PROBLEM DETAILS ▸
Copy the material below verbatim from the line with "Iced Rainbow Colorful Tennis Necklace" to the line with "Bat Cat Holographic", both lines included, omitting pictures and every line outside that range.

DATA UNDER STUDY ▸

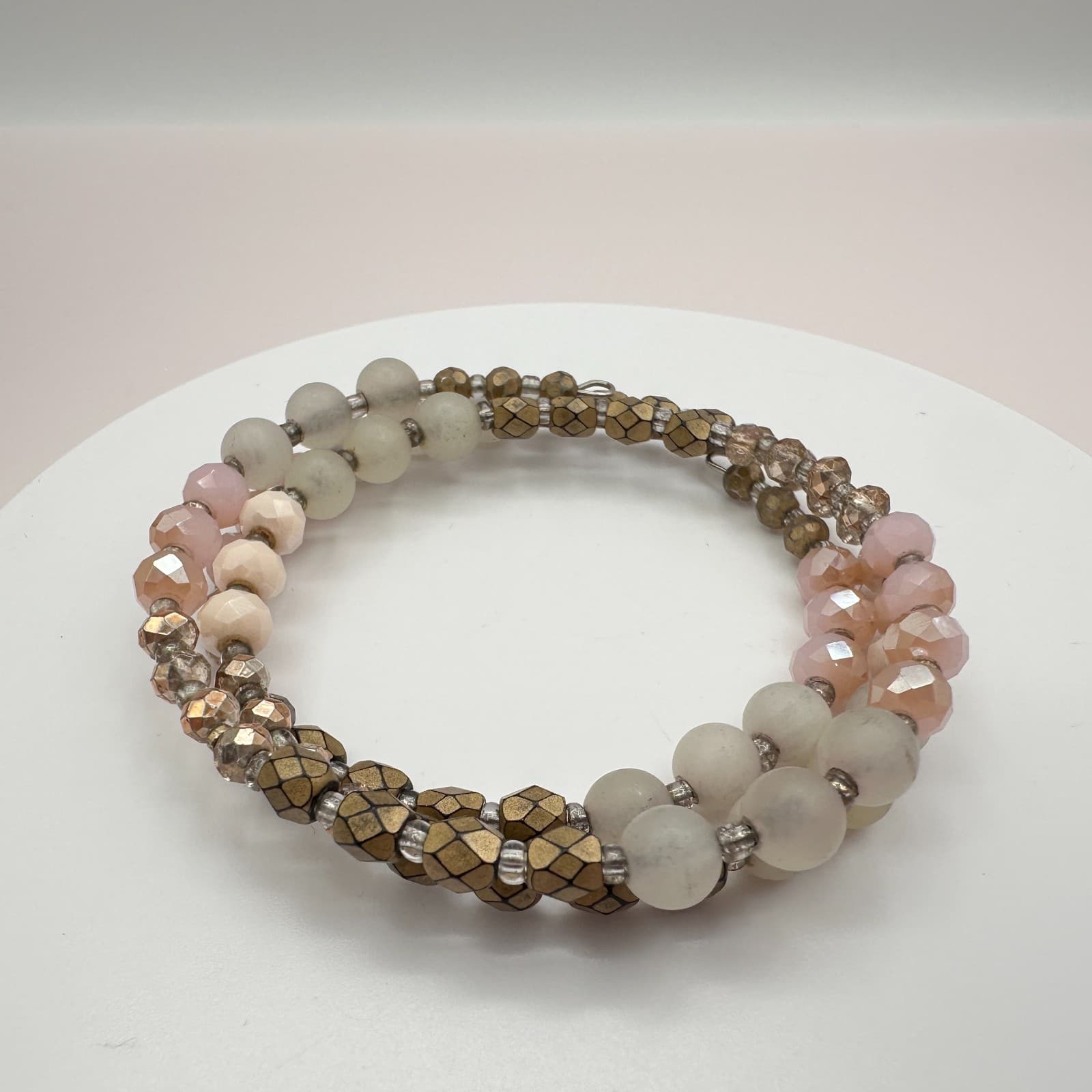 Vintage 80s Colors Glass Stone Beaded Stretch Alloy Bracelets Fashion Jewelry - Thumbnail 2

--

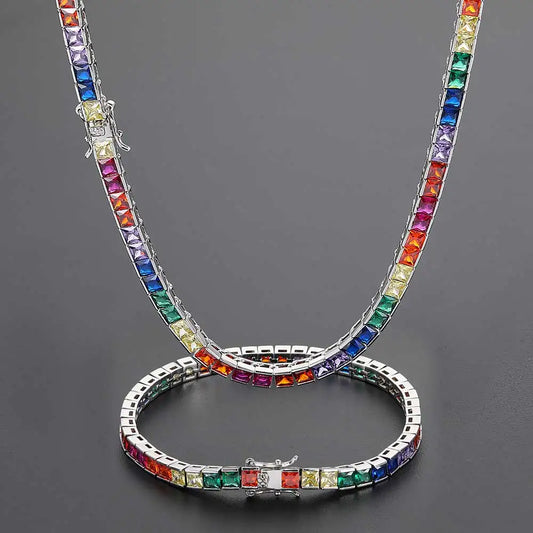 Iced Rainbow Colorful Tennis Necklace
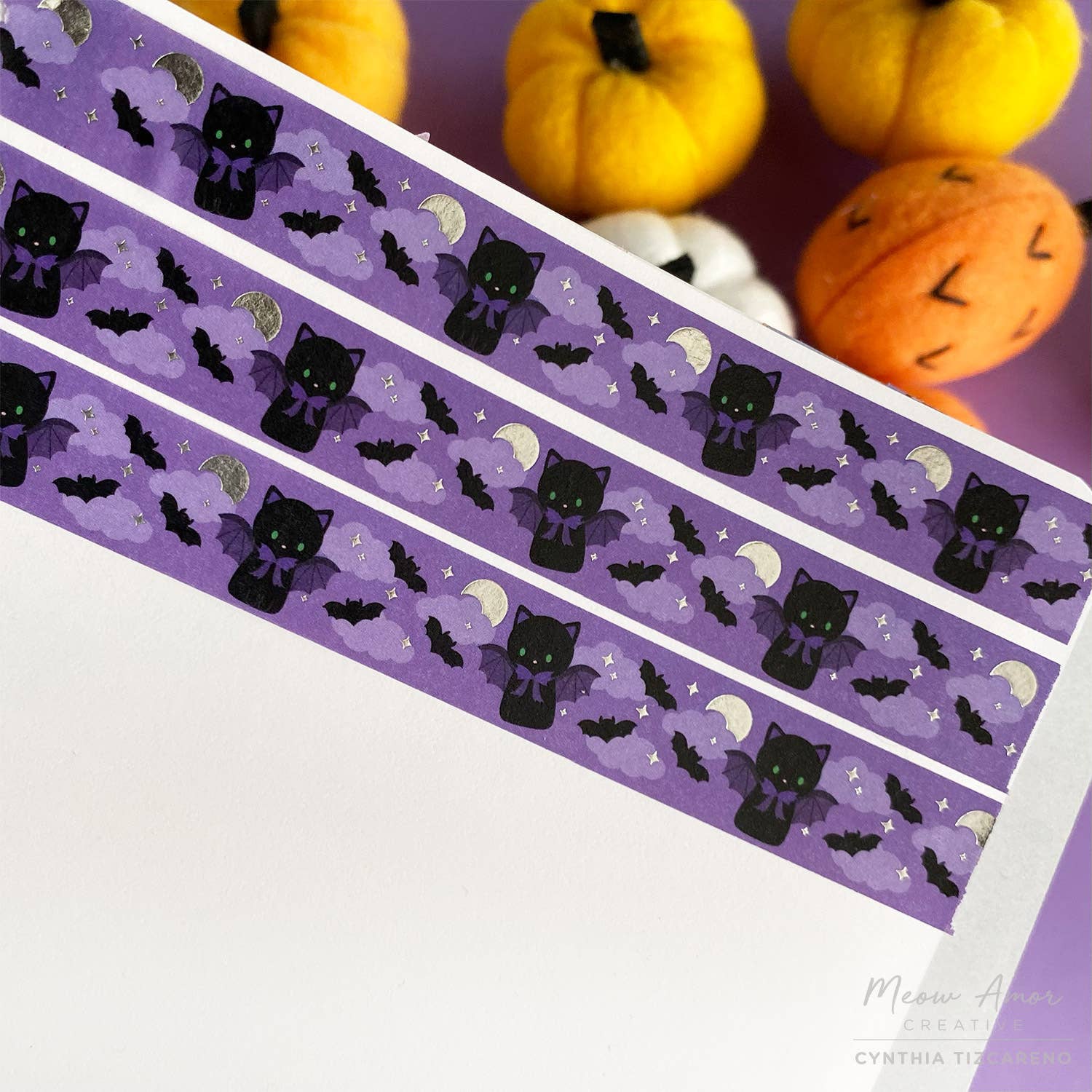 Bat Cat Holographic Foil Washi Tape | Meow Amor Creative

---

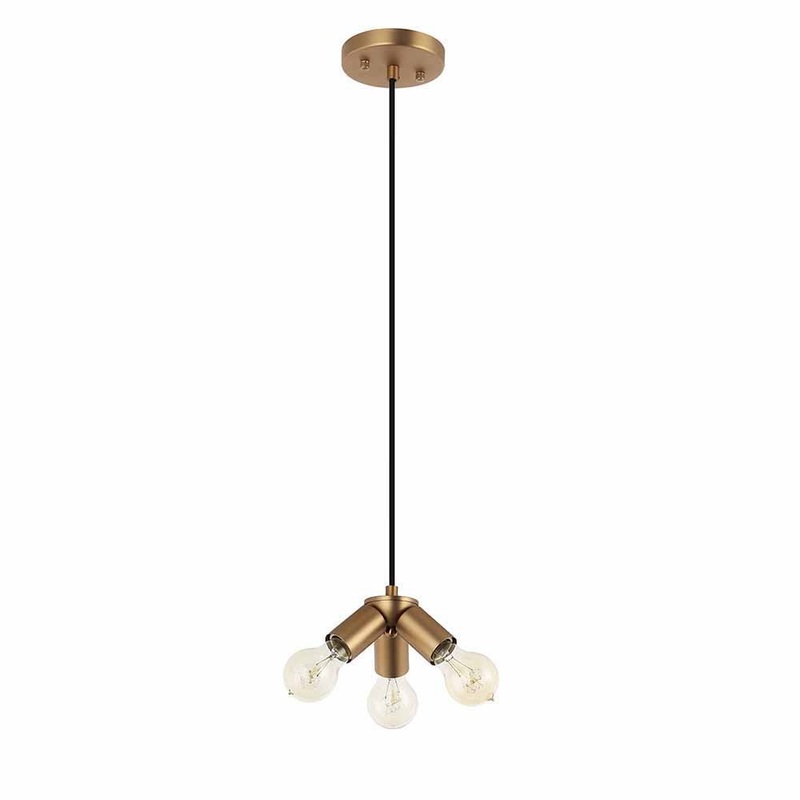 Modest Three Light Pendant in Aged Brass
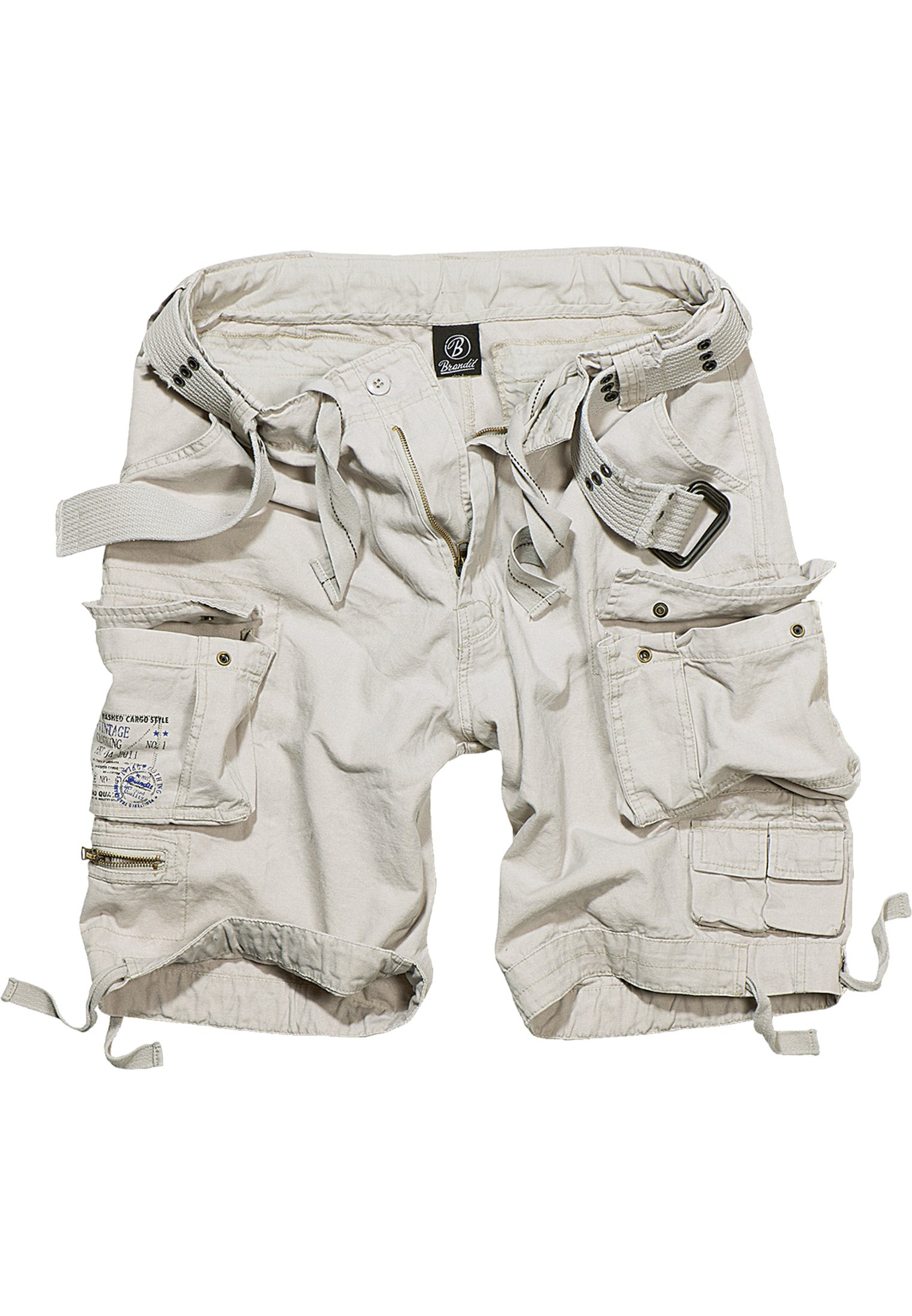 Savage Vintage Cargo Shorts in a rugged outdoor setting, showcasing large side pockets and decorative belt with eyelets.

SOLUTION ▸
 Iced Rainbow Colorful Tennis Necklace
 Bat Cat Holographic Foil Washi Tape | Meow Amor Creative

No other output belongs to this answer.